Corría el año 1931 cuando por primera vez dos mujeres ocupaban su escaño en el Congreso de los Diputados: Clara Campoamor y Victoria Kent. Esta última también rompió el hielo en el mundo del derecho al ser la primera en ejercer tras ser aceptada por un Colegio de Abogados.

Pese a lo anterior, los derechos de las mujeres no gozaron de ese entusiasmo, el hombre durante mucho tiempo siguió siendo el cabeza de familia, acreedor de la obediencia de la mujer y administrador de sus bienes, restringiendo así su capacidad de obrar hasta entrado el año 1975.

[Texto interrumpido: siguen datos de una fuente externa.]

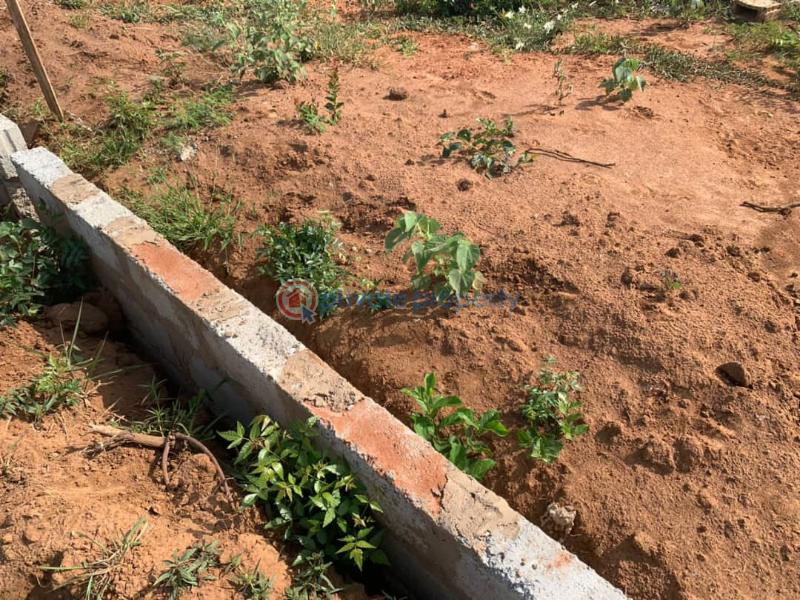 Land For Sale Adom Estate Beverly Hills Community 25 Tema Accra - 2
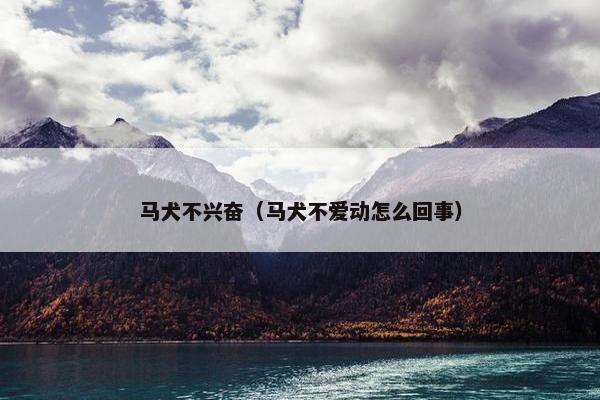 马犬不兴奋（马犬不爱动怎么回事）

Hasta el 2004 no se levantó la ley del silencio y las estadísticas siguen golpeando las conciencias de quienes quieren ver la lacra que supone la violencia de género, a pesar de que hayas quienes se atrevan a alzar la ‘Vox’ y a cuestionar esta tremenda situación.

Fue Simone de Beauvoir quien acertó en la génesis de esta crueldad cuando afirmó que «el problema de la mujer siempre ha sido un problema de hombres», sin embargo, tenemos a mano la solución, un gran arma que nos ha permitido conseguir como especie los mayores logros, la educación. Una medida preventiva que evitará castigar el daño producido, porque a fin de cuentas la última víctima siempre será la sociedad.

A pesar de todo el camino recorrido, las mujeres siguen teniendo poca representación en puestos directivos tanto de la administración pública como del sector privado o incluso en el mundo académico y político continuándose la política de hombres. Quizás todo esto no hubiera ocurrido si Dios hubiera nacido mujer.